= Charles William Schaeffer =

American theologian (1813–1896)

Charles William Schaeffer (born in Hagerstown, Maryland, May 5, 1813; died in Philadelphia, Pennsylvania, March 15, 1896) was a Lutheran clergyman and theologian of the United States.

==Biography==
His parents were Frederick Solomon Schaeffer (1790–1815) and Catherine Elizabeth Schaeffer. His father was a Lutheran clergyman, as were his uncles David Frederick Schaeffer, Frederick Christian Schaeffer and Charles Frederick Schaeffer, and his grandfather Frederick David Schaeffer. He grew up in the home of his grandfather and that of stepfather Benjamin Keller.

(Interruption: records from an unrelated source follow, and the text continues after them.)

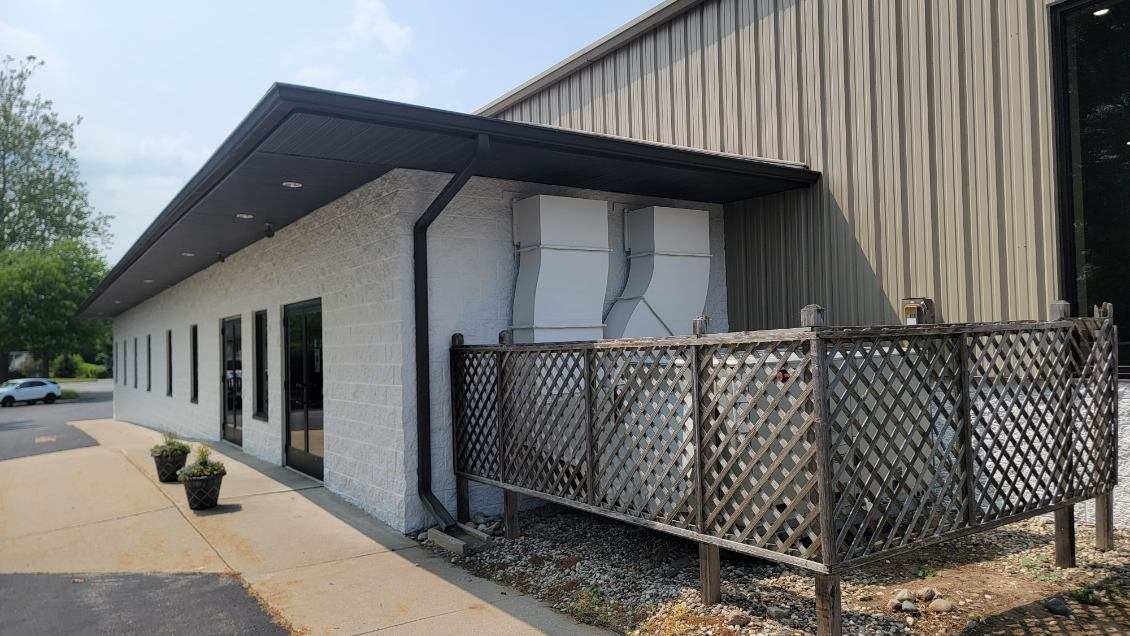 Church painting exterior HVAC enclosure and painted block — service area painting (Speese Painting)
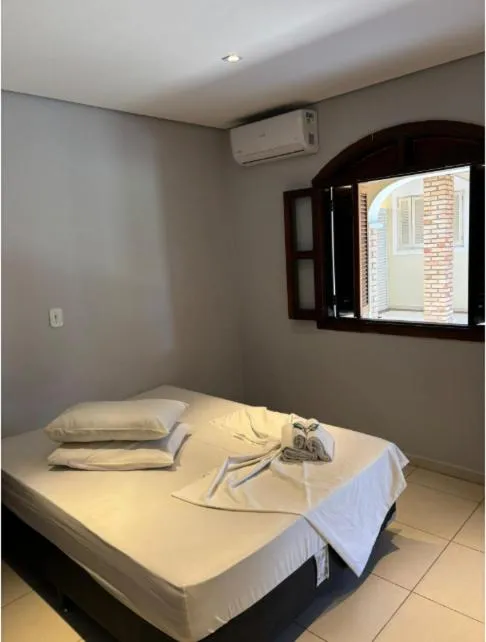 Bed in Pousada Porto do Rio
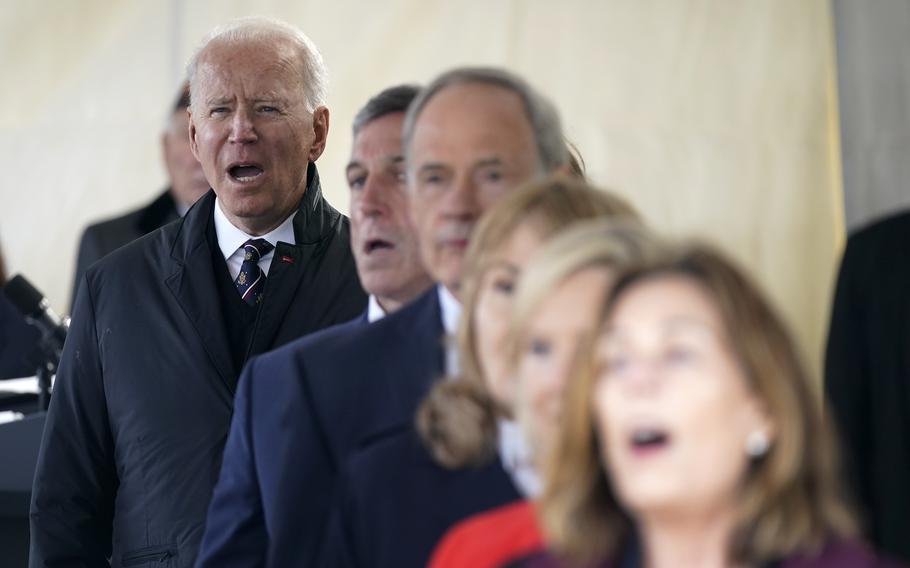 President Joe Biden sings "God Bless America" during a Memorial Day event at Veterans Memorial Park at the Delaware Memorial Bridge in New Castle, Del., Sunday, May 30, 2021.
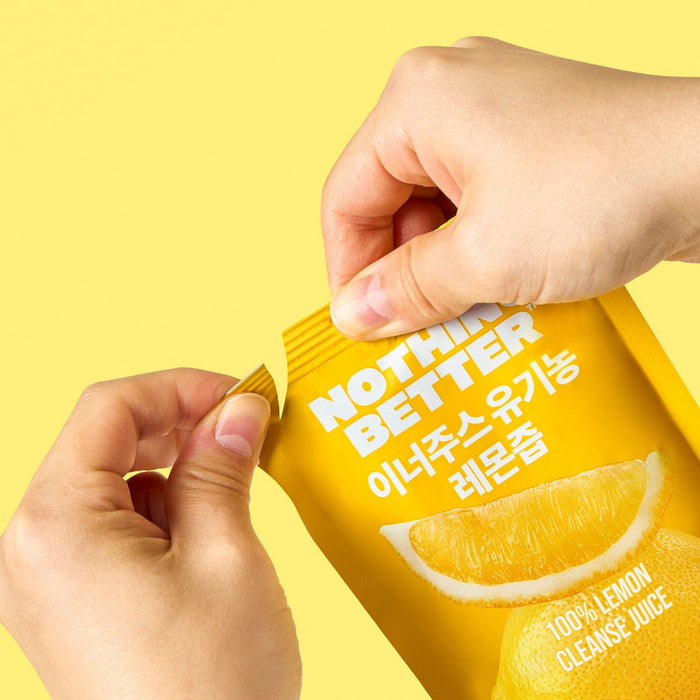 Woman opening a packet of NOTHING BETTER Inner Juice 100% Lemon Cleanse Juice 100ml (X24), showcasing vibrant lemon graphics on yellow packaging.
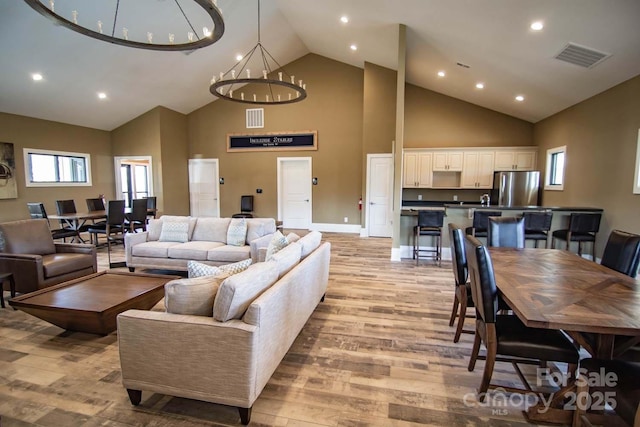 living room with a chandelier, light hardwood / wood-style flooring, and high vaulted ceiling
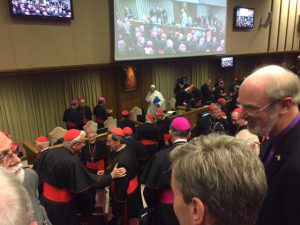 The Pope packing up his things at Synod's end after he'd given another stirring talk. Cardinal Pell can also be seen. A bit like Where's Wally?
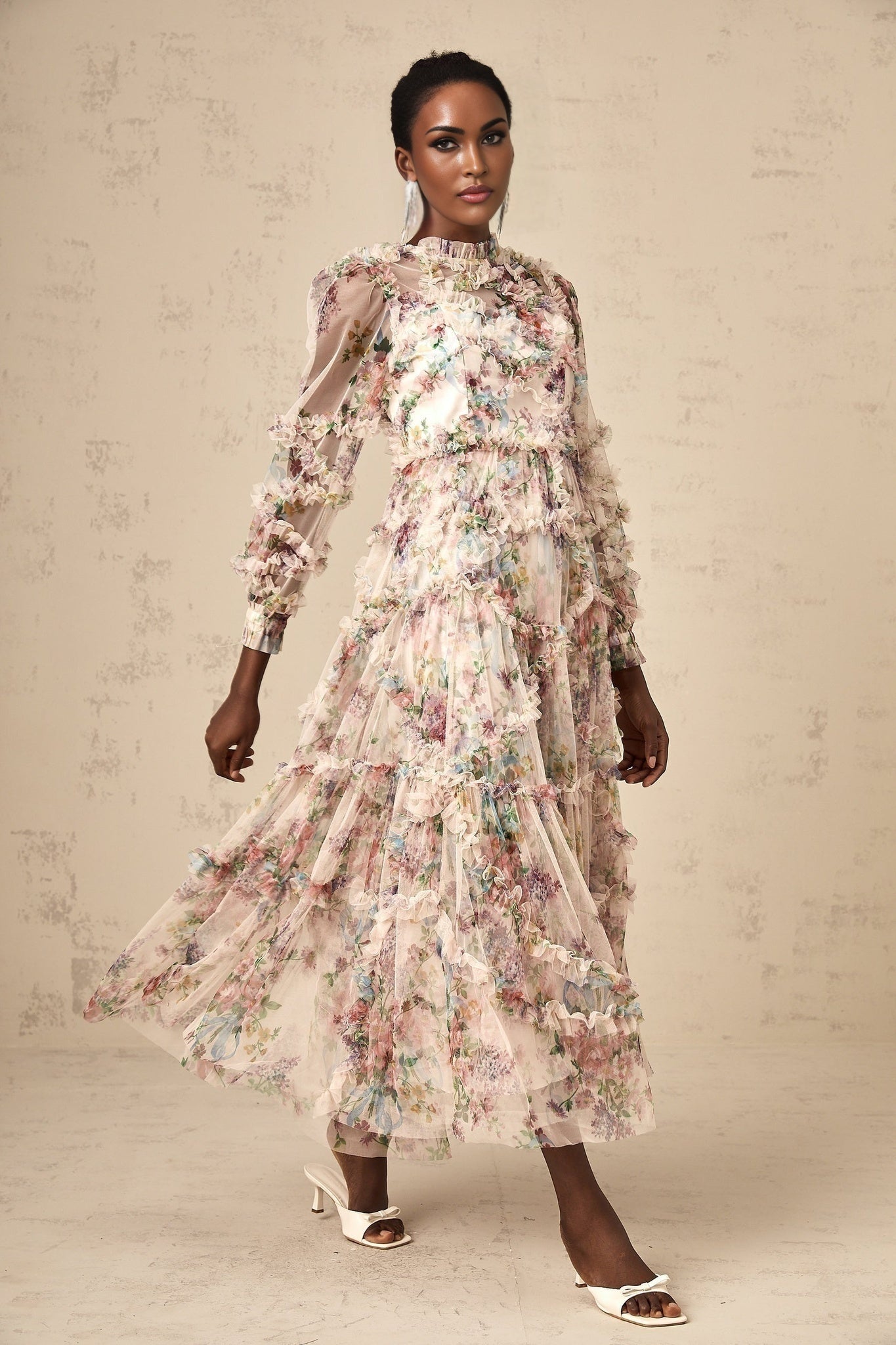 Woman wearing a floral patterned midi dress with ruffled tulle details and a feminine silhouette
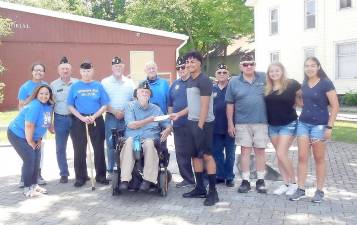 The Student Council of S.S. Seward Institute each year holds a community fund raiser to benefit American Legion Post 1240. Pictured at this year’s presentation, beginning in the first row from left to right, are: Elliana Santiago, Commander Fray Fuller and Joshua Medina; and in the second row: Josely Medina, Vincent Poloniak, William Pillmeier ,Vice Commander Thomas Fuller, James Sosler, Jack Fein, John Cutrona, John Galiski, Sophia DeJong and Camila Fuentes. The student council advisor is Miss. Katherine Hannon. Provided photos.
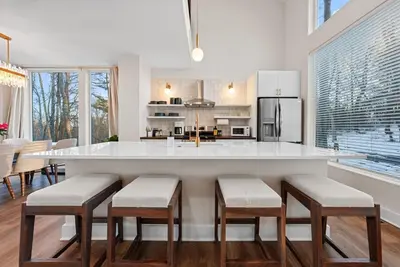 a kitchen with a large white island with stools at Adamina Canyon Luxurious 5BR 3BTH 2 in Rockbridge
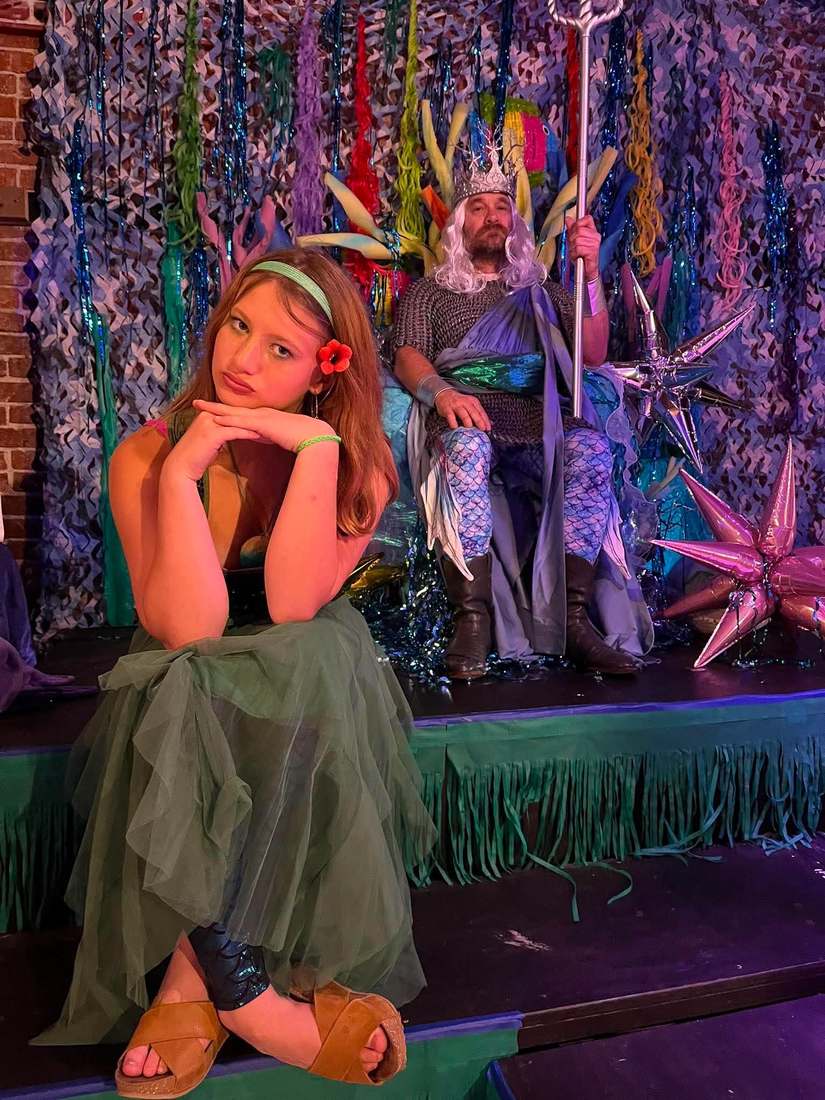 Ariel in a shell top and teal mermaid tail beside King Triton on his throne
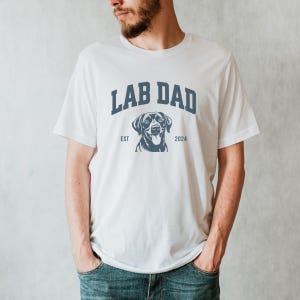 May include: White t-shirt with the text "Lab Dad" in blue, featuring a black Labrador Retriever silhouette and the text "Est 2024".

He attended Germantown Academy, and graduated from the University of Pennsylvania in 1832, and at the Lutheran Theological Seminary at Gettysburg, Pennsylvania, in 1835, licensed to preach in 1835, and ordained in 1836.

Immediately after being ordained, he took charge of a parish in Montgomery County, which he served until 1841. He was pastor at Harrisburg, in 1841–49, and at Germantown, in 1849–75, when he was retired as pastor emeritus. In 1864, when the theological seminary was established in Philadelphia, he was elected professor of ecclesiastical history, which post he had since held.

He held high office in the councils of his church, and had been one of the trustees of the University of Pennsylvania since 1859, receiving from it the degree of DD in 1879. That of LL.D. was given him in 1887 by Thiel College, Greenville. Schaeffer was long one of the leaders of the conservative and confessional party in the Lutheran Church. He took an active part in the establishment of the theological seminary at Philadelphia in 1864, and in the organization of the general council in 1867. He was specially versed in American Lutheran history and the historical and doctrinal development of the Lutheran Church in the United States.

The C. W. Schaeffer Combined Secondary and Primary School was a Philadelphia public school in Germantown built in 1876 and named in his honor.

==Writings==
He wrote numerous articles for church papers and theological reviews. He was for several years co-editor of the Lutheran Home Journal in Philadelphia, and the Philadelphian, Lutheran and Missionary. After 1879 he was editor-in-chief of The Foreign Missionary in Philadelphia, and after 1886 he was one of the editors of the Lutheran Church Review. He published:

- W. J. Mann, Explanation of Luther's Small Catechism, translated from the German (Philadelphia, 1855)
- Early History of the Lutheran Church in America (1857)
- Golden Treasury for the Children of God, translated from the German (1860)
- Family Prayer, for Morning and Evening, and the Festivals of the Church Year
- Halle Reports, translated from the German (Reading, 1882)
- Church Book (1891)

==Family==
He married Elizabeth Ashmead in 1837. They had four children.